I've been on something of a lore kick recently in World of Warcraft, including running the Siege of Orgrimmar for the first time. And that was great, because I did it just before I started reading this, and timeline-wise, yes, that's the way it goes.
Aye. A raid in World of Warcraft is the prequel to this book.
Two factions - the honor-in-battle Horde and the order-by-law Alliance, have just come together to put an end to the tyrannical and some say mad warchief of the Horde, Garrosh Hellscream. (I love WoW names). As he was brought low in battle, his old mentor, Thrall, is about to deliver the killing blow when - to everyone's surprise - King Varian, leader of the humans and, in many ways, the Alliance, stops him. It's not right for Thrall to take justice into his own hands, according to Varian - Garrosh has hurt far too many.
So this book, in the aftermath of that, is a trial being held by the four celestials (it's more complicated than this, but they're kind of like gods) to determine the proper punishment for Garrosh - death, or imprisonment, or something else entirely. It's part clipshow of the recent past in the world of Warcraft, part character study of a good variety of characters and part uncomfortable accusation at the reader themself.
Yeah. I'm pretty sure part of the goal of this book, or at least an unintended consequence of how it was written, was to make me-the-reader uncomfortable about enjoying the very book I was reading.
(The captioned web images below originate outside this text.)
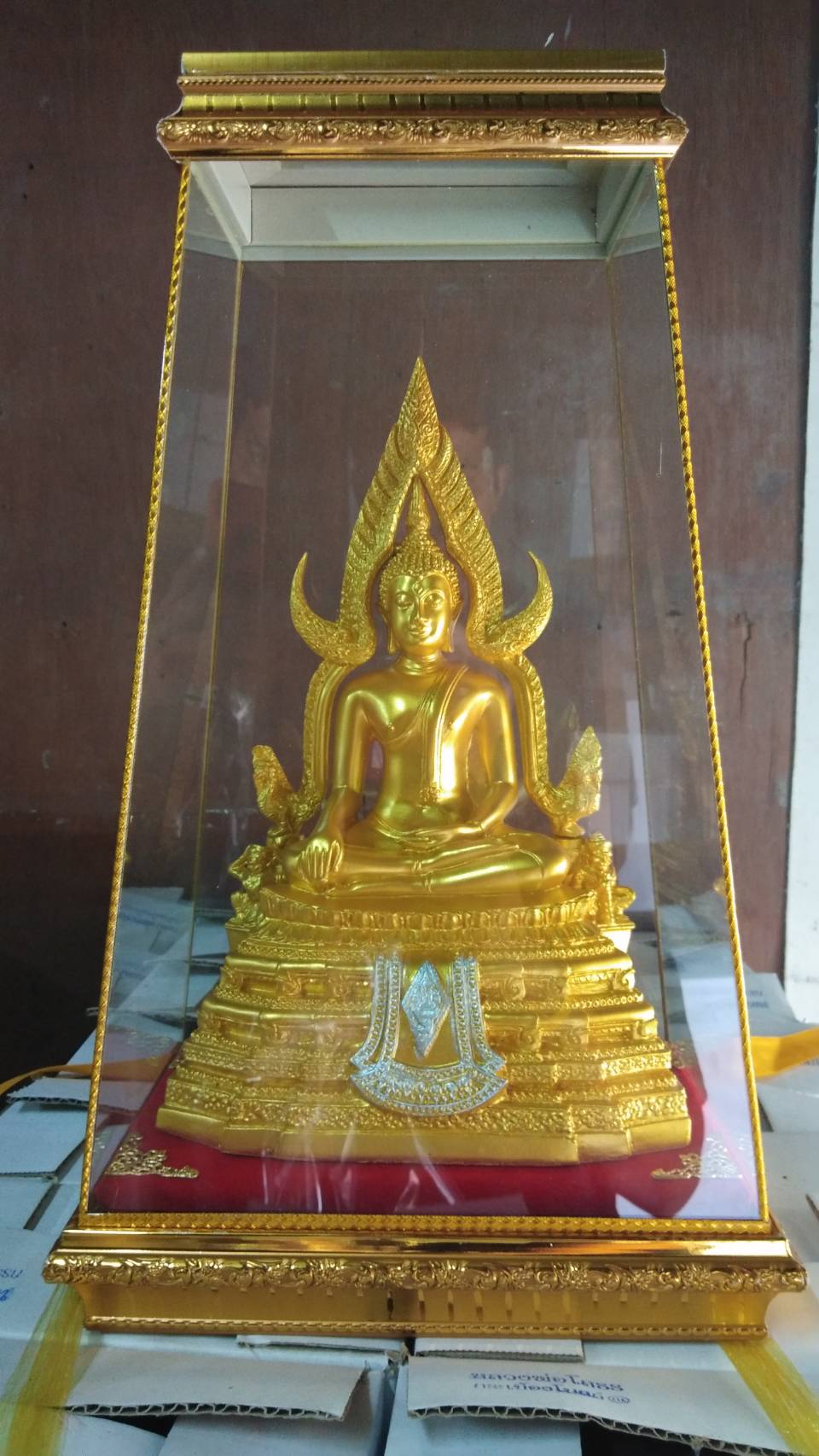 พระพุทธชินราช 5 นิ้ว พร้อมตู้สวยงาม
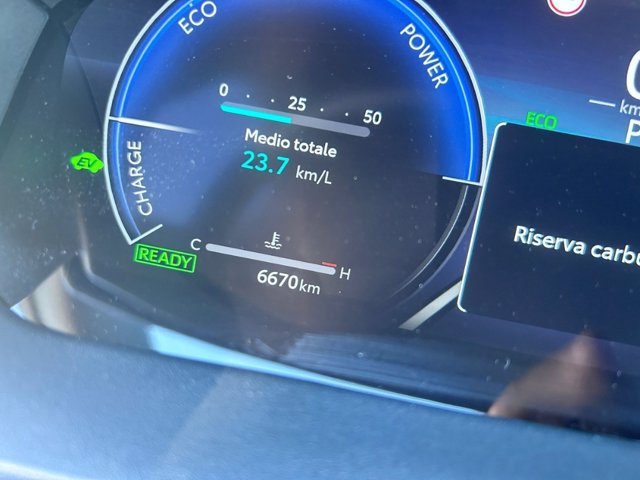 TOYOTA Yaris 1.5 Hybrid 5 porte Premiere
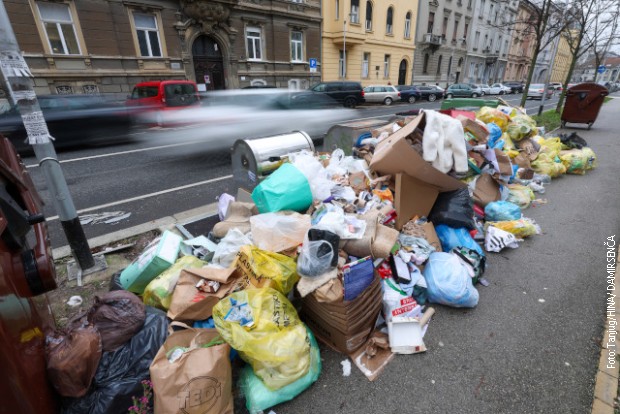 Zagreb pretrpan smećem, tri dana štrajka radnika 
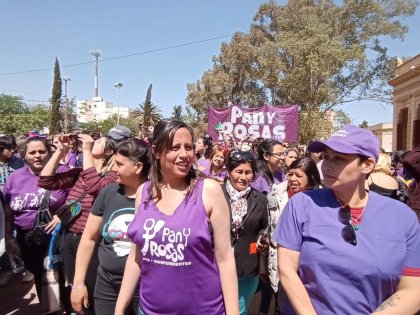 Pan y Rosas Neuquén se planta contra la política de ajuste, extractivismo y represión 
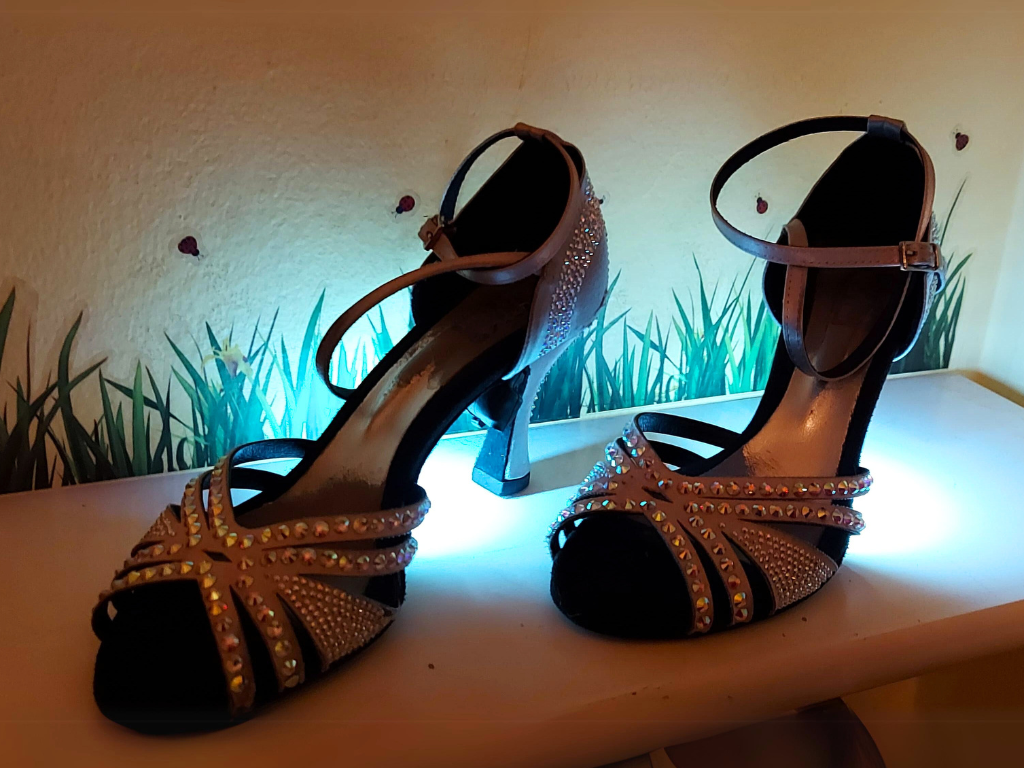 SCARPE DA BALLO CON LUCI LED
An interesting choice, and I'm not entirely sure a bad one. :)
The unique part of the trial here is that the Bronze Dragonflight (basically, they control the timestream) have created a sort of Time TV that lets the two sides show in full, actual detail moments from the past, when testimony alone isn't enough. So we get to see a bunch of major moments (or at least hear about them) from books, from raids and dungeons in game, even from fairly inconsequential quest lines. There's everything that happened with Theramore. There's the whole thing with Alexstrasza and the red dragonflight's eggs. We see the moment Thrall asked Garrosh to take the reins of the Horde - and what he did with it as time progressed. (Were you ever in Orgrimmar during Mists of Pandaria? Then you have some idea what this entails).
Garrosh early on refers to this whole trial as being akin to Darkmoon fair - basically an indulgent, voyeuristic show being put on for an audience. And as the book goes on, you start seeing more and more characters coming to that way of thinking as the device shows [personal, private moments, private pain that makes some people uncomfortable but others just fascinated. And after a while, it sort of felt like it was extending to me - I felt a little awkward reading those flashback scenes and welcomes a return to the story's present day. It's more consideration than I expected to give a video game tie-in novel.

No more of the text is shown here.